Do you conduct any sessions in the Arabic language?
— Yes, we had a joint Arabic-language meeting with the working group of the Oeconomicus Club in May where we discussed Sudan. President of the Association of Sudanese Students Hassan Mohammed Habbab Yusuf gave a lecture on the history of Sudan and its ancient monuments. It was followed by the review of the current status of our bilateral ties. This is a format that we are planning to develop moving forward.
On September 29, 2017 MGIMO’s Middle East club held the first joint conference with its sister organizations from the Higher School of Economics and the Institute of Asian and African Studies at Moscow State University. What benefits does it have? What plans do you have for the future?
— Indeed, it was first joint conference but it was just the beginning of an important tradition. On Oct 5, 2017 the Institute of Asian and African Studies at Moscow State University hosted our second conference on the role of the media in the Middle East.
The three clubs will meet again on December 2 at MGIMO for a joint conference entitled “Iran and the Arab World: Cooperation or Confrontation.” 
This format of cooperation provides for vast opportunities. We can now organize bigger events thanks to concerted efforts from several stakeholders. 
What has inspired you to launch this campaign? 
When I was taking part in the Middle East Club and the Moscow International UN Model, I got acquainted with talented and exciting people who demonstrate time and again that everything is possible in this world. The Model’s secretariat and the teams of the Club and MGIMO’s Scientific Student Society are responsible and disciplined people ready for any mission. What I really appreciate most in my capacity is team work.
You represented the Arab League during the London International UN Model. Could you share your impressions?
—  I was sent there by the Secretariat of the Churkin* Moscow International UN Model (I was the Committee’s expert on women’s rights, and discussions were in Arabic).
It was a very exciting time. Unlike our Model where you could have Arabic language students and Arabs, London was the place where I was the only non-native speaker. Nevertheless, I took an active part in the debates and even introduced a number of major amendments to the final document that were critical for the country that I represented.

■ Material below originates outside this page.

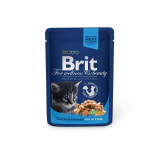 Cumpara ieftin Brit Premium Cat Junior plic cu carne de pui, 100 g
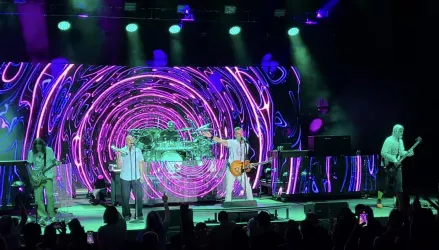 311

The UN Model is a unique platform of multilateral diplomacy and an excellent opportunity to represent the interests of a nation in the Arabic language.

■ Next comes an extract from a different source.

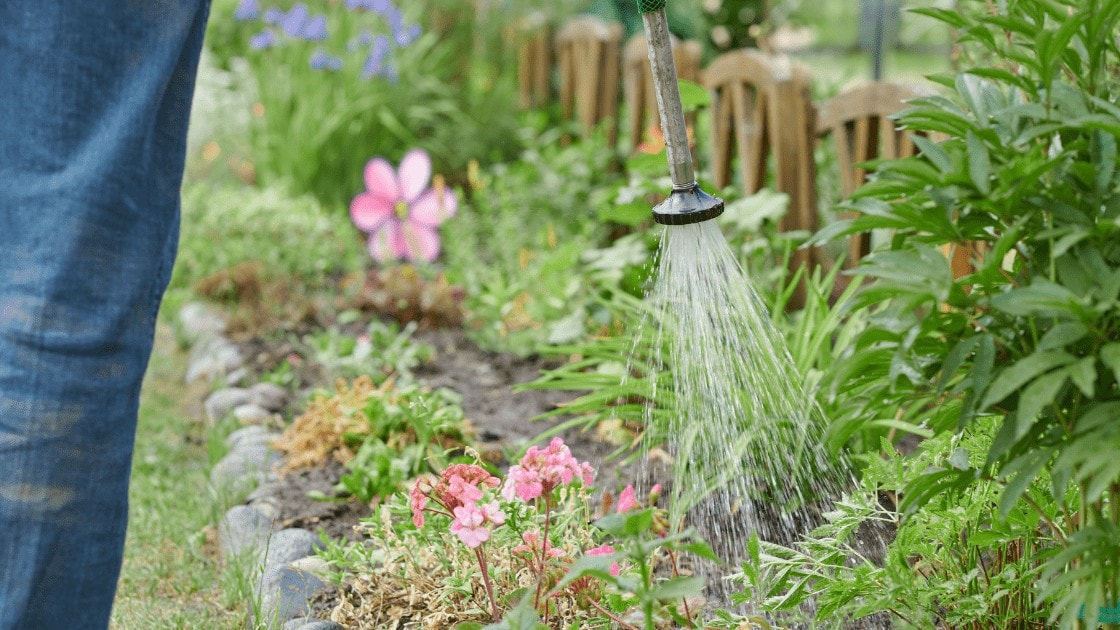 Water wand for watering plants.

Next April we plan to have Arabic as the main working language of the Human Rights Council as part of the Churkin Moscow International UN Model. It is open to students in bachelor’s, master’s and postgraduate programmes.
What is so appealing about studying cultural and political environment of the Middle Eastern countries for young people? What else can be done to attract them?
— Unfortunately, this region is often associated with permanent conflict. But historically the Middle East has been the bedrock of Abrahamic religions, a region with a rich history and culture. We need to host more cultural events that would help reveal the beauty of the Middle East.
* The Model now bears the name of late Russian diplomat Vitaly Churkin for his outstanding contribution to peace and stability and role in Russia's diplomacy.